The brief feature of your article will summarize your research succinctly; highlight how methods and findings might inform public policy; reference policyrelevant outcomes (e.g., access, cost, wellbeing); explain how findings might affect prevention or intervention programs; or articulate implications for policies and practices that affect individuals, families, and communities in the United States or globally. Note that the briefs are based on single articles. They won’t make specific policy recommendations, but they will highlight ways in which research might inform policy.
The briefs can be used for instructional purposes (to support students in understanding original work); to get your findings to decision makers, colleagues, and practitioners; and as models of succinct translational writing.
To submit an article for consideration (or to volunteer as reviewer), follow these steps:
- Contact Erica Jordan, FP Section secretary and treasurer, to receive a submission link.
- Upon receiving the link, submit the basic information about the article you would like considered (author name, names of any coauthors, article title, journal title, abstract, and a few sentences explaining about how the article is policy relevant).
- Your submission will be reviewed by the FP Section officers (and volunteers), and you will be contacted within approximately 30 days with a decision. (Please note that the first round of these will have a longer review period.) If accepted for a brief, you will be invited to submit a summary of the article in terms easily accessible to the public. The review committee can assist you in identifying potential policy implications.
- Acknowledge final approval of the copy of the brief featuring your work before the collaborative completion of the brief. The brief will contain a citation of the original article, the first author’s contact information, and a permalink to the original research.
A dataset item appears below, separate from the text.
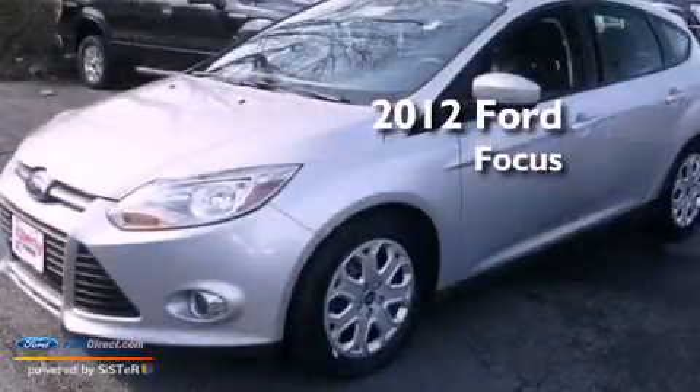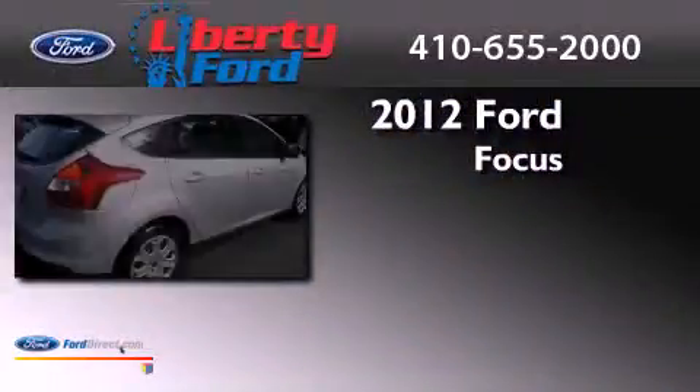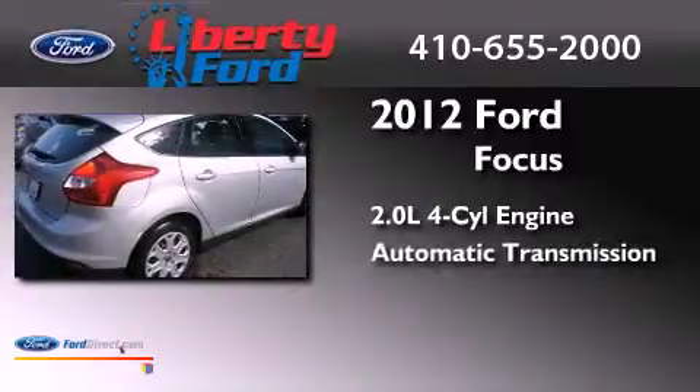This is a 2012 Ford Focus. It has a 2.0-liter four-cylinder engine and an automatic transmission.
- Share the brief through a range of dissemination channels. The FP Section will provide authors a handy dissemination guide to help authors disseminate their work and will distribute the brief through the NCFR FP Section discussion board.
All NCFR members (including those not currently in the Family Policy Section) are invited to submit articles for briefs, and all briefs will be nonpartisan, with the precise goal of communicating research findings and potential policy impacts.